Du street art naîtra également l'anarchitecture. Cette forme d'art sort des codes que vous connaissez sans doute du street art, ne prenant plus la forme de tableau sur le mobilier urbain, mais étant lui-même le mobilier urbain. Pour vous aider à visualiser ce que peut donner l'anarchitecture, il est une construction réalisée par Olivier Ratsi, un architecte français, qui a modélisé un immeuble de près de dix étages en plein centre de Tokyo, et servant davantage à propulser des images publicitaires, qu'à véritablement servir de résidence pour les Japonais. Pour le côté plus anarchique, fondement premier de l'art de rue, La Fausse Maison est une oeuvre signée Richard Greaves. Réalisée avec des matériaux de récupérations, l'artiste montréalaise expose l'ensemble de son travail, un village entier recréé en plein coeur de forêt dans la province du Québec, et qui est accessible à tous. Une fois encore, l'idée n'est pas de permettre à des gens d'y résider, mais bien de redonner vie à une matière destinée à la décharge.

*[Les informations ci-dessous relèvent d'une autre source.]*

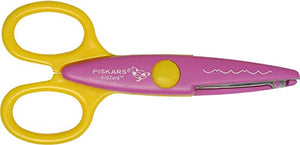 Fiskars Set di forbici decorative per bambini, 6 pezzi, Inclusa custodia per... - Ilgrandebazar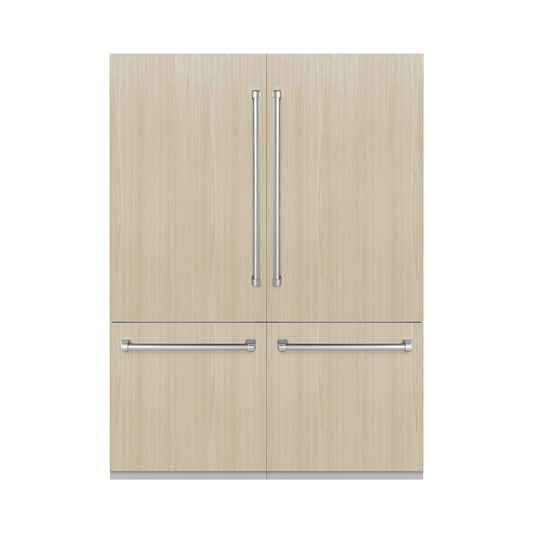 ZLINE 60 in. French Door Built-In Bottom Freezer Refrigerator, Panel Ready, 32.2 Cu. Ft., Water Dispensers, Ice Makers, Graphite Gray Interior (GRBIV-60)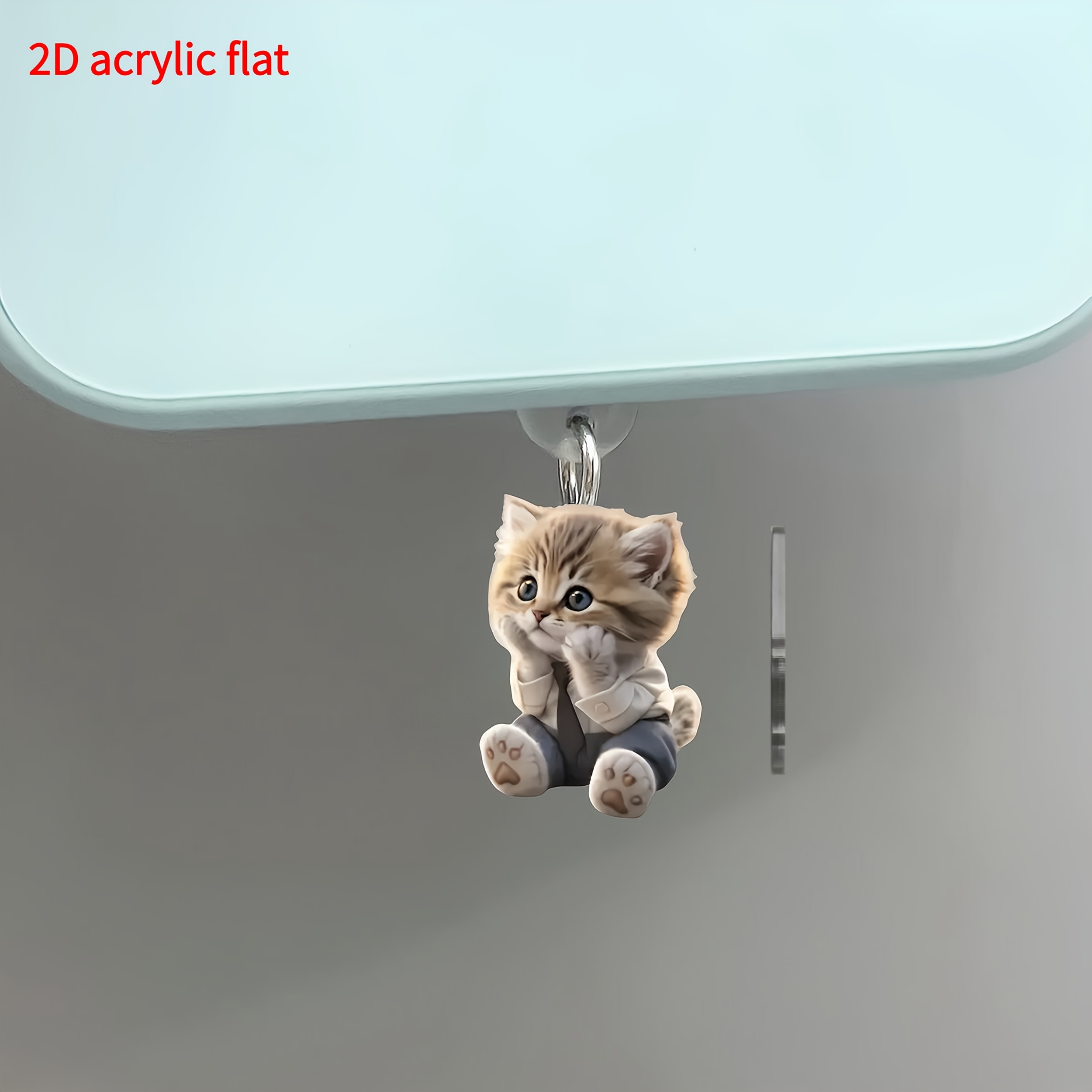 1pc 2d cute cat acrylic mobile phone dust plug suitable type Temu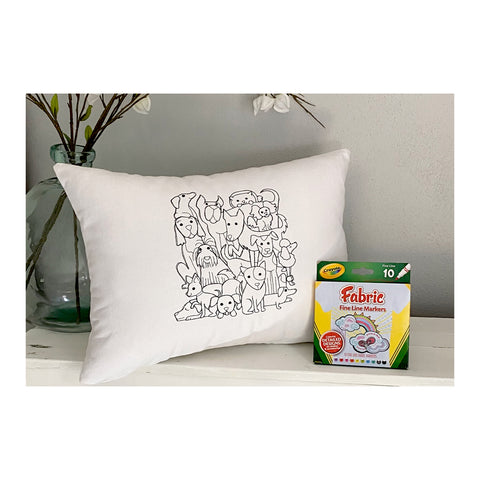 For A Cause Coloring Dog Pile Pillow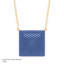Cube Pendant Necklace in Blue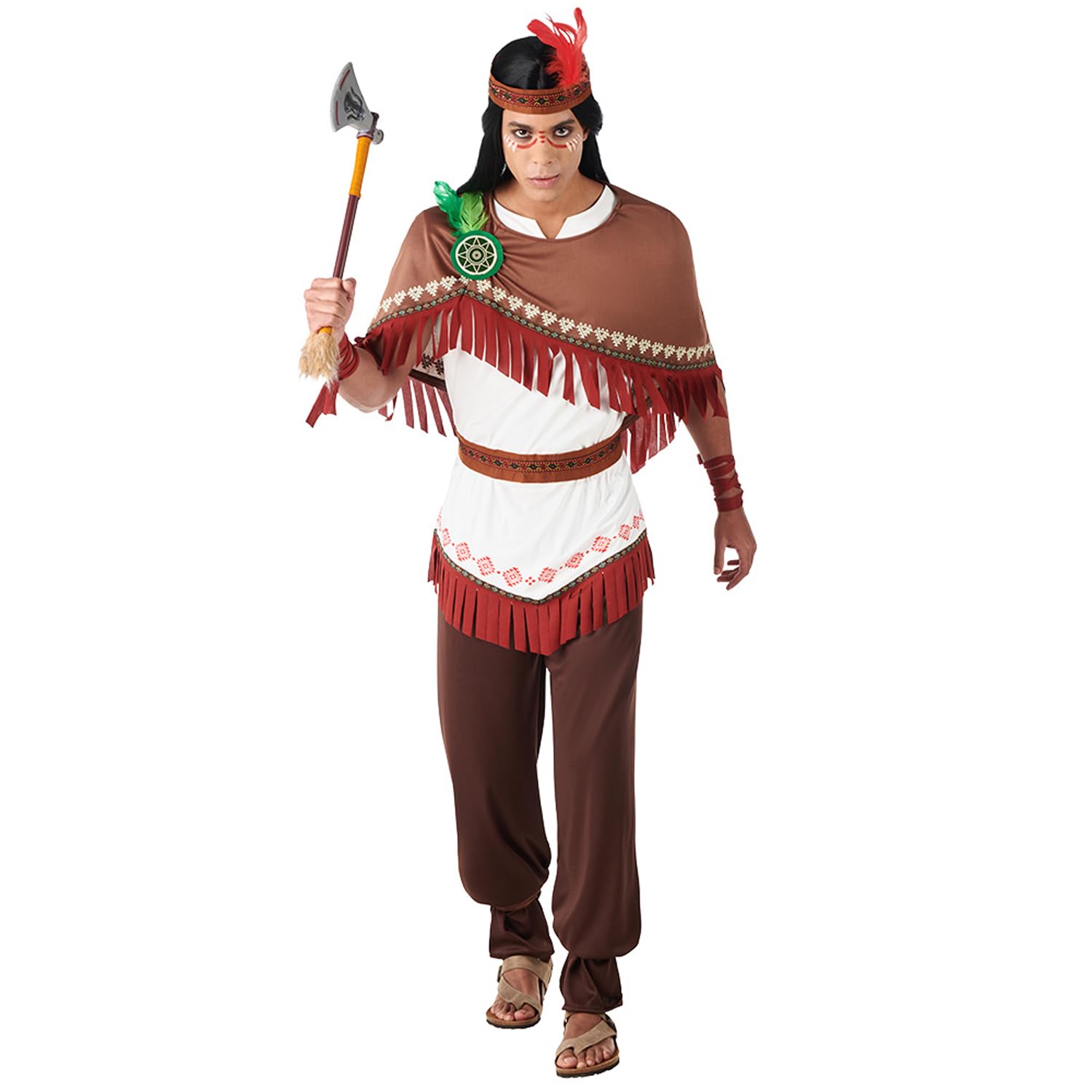 Boland 83914 Adult Native Dakota Man Costume, Multicoloured, XXL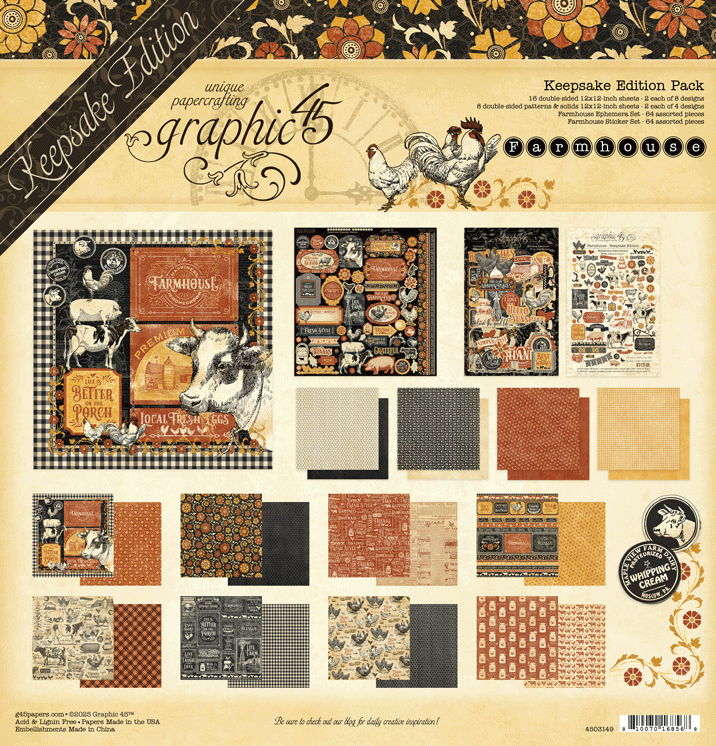 Graphic 45 Keepsake Edition Kit-Farmhouse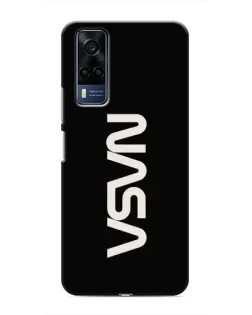 Чехол для Vivo Y53S с картинкой «NASA — вертикальный логотип»
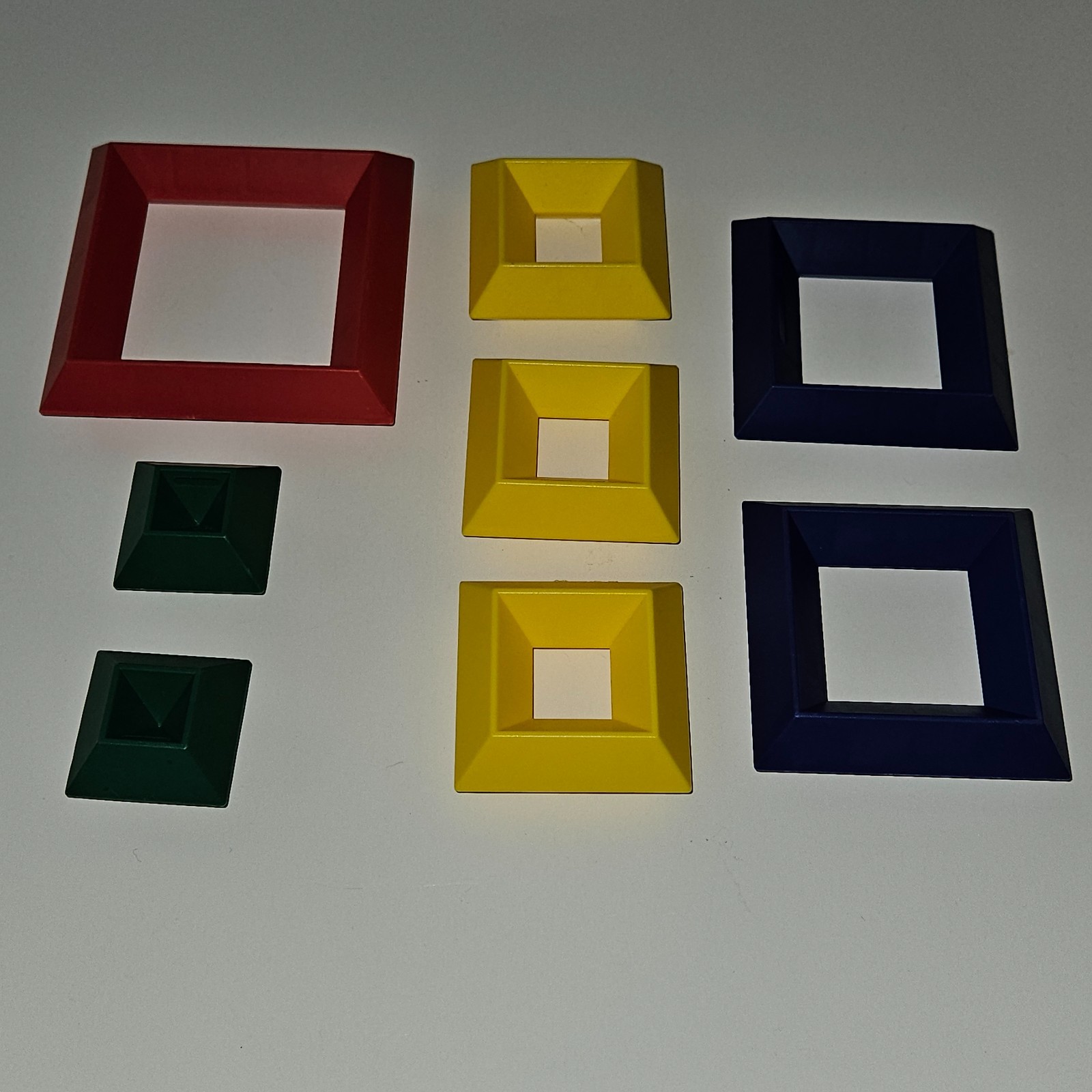8 Wedgits Replacement Pieces STEM Manipulative Blocks Math Red Green Yellow Blue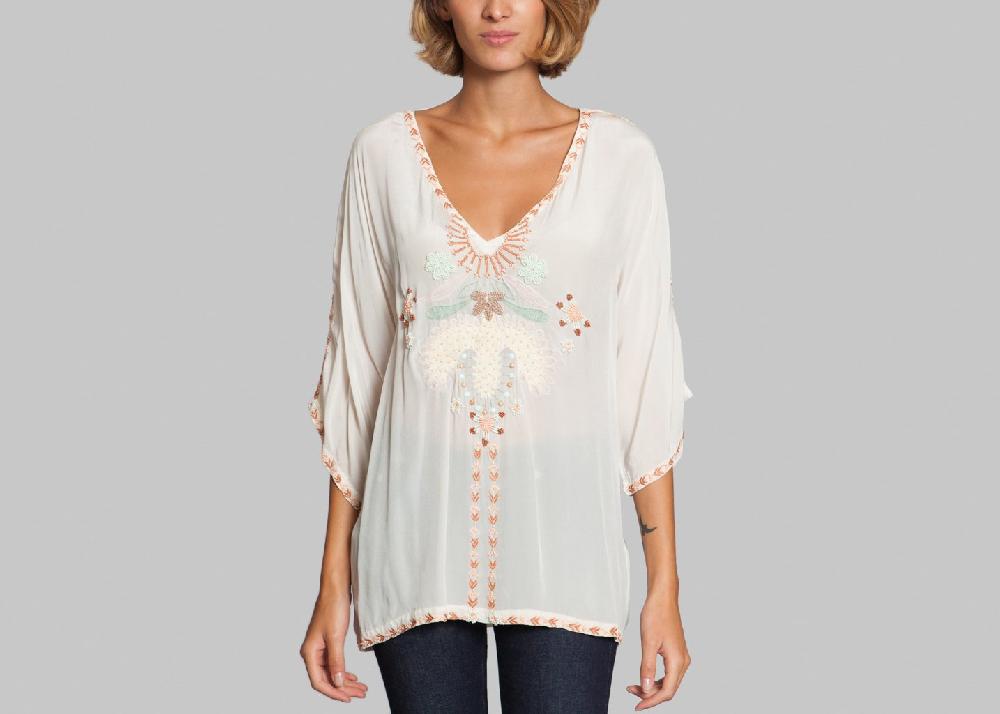 l'exception Blouse Nanouck Ecru Antik Batik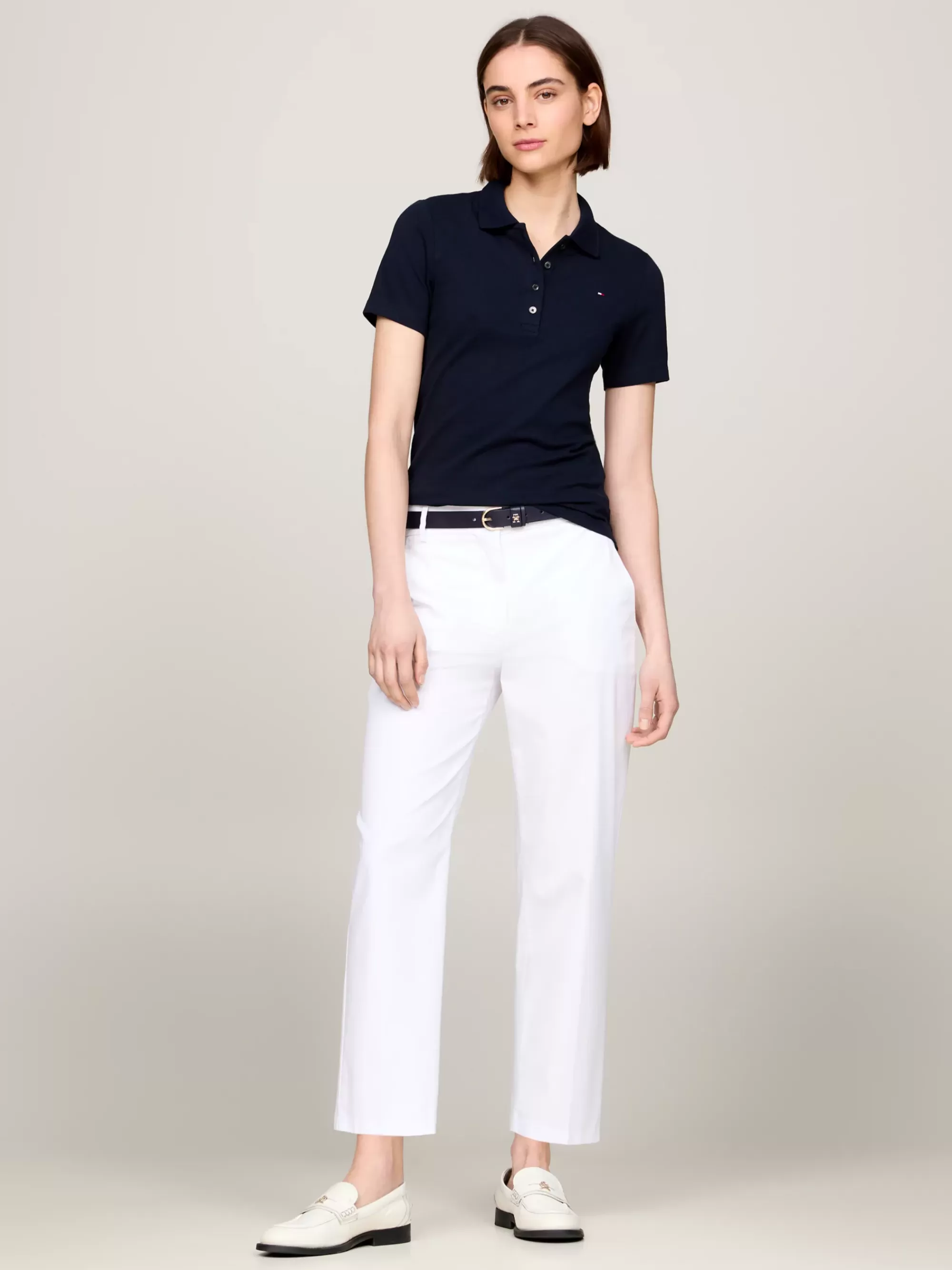 Polo's*Tommy Hilfiger Heritage Slim Fit Poloshirt DESERT SKY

Néo-expressionisme, Proto-graff, Outsider Graff, Superflat, Childstyle, et tout un tas de courants liés à un mouvement dénommé Beautiful Losers sont de simples méthodes d'actualisation du street art, donnant vie à plusieurs formes d'expressions, et bien souvent par des artistes qui se voient tout simplement barrer la route des galeries traditionnelles. L'art des villes étant ainsi devenu un moyen d'expression de tous les genres, de tous les styles, et de toutes les pensées, pour incarner un univers et une atmosphère dans lesquels nous vivons et que nous cotoyons chaque jour. C'est comme vivre au sein même d'un tableau.
Pour résumer l'art de la rue tel qu'il est perçu aujourd'hui, il y aurait beaucoup à dire. Mais l'esprit de cet art urbain perd peu à peu de son statut marginal, pour finir par être exposé dans des endroits parfois insolites. Le casino de Fort-Mahon a par exemple fait appel aux talents de l'artiste français « Made In Graffiti » pour réactualiser sa salle des machines à sous. En Suisse, plusieurs expositions d'oeuvres street art sont organisées, tout comme des ventes aux enchères qui y prennent place. L'art urbain n'est ainsi plus considéré comme un délit, mais bien comme l'expression d'un artiste que l'on souhaite avoir chez soi. Cet aspect bourgeois est-il alors annonciateur de la fin du street art ? Loin de là, les artistes et graffeurs ne cessent de proposer des oeuvres dans les rues des plus grandes capitales du monde, de dénoncer une société où plus rien ne va, et de libérer des courants de pensée véhiculés par des oeuvres que tout le monde peut admirer.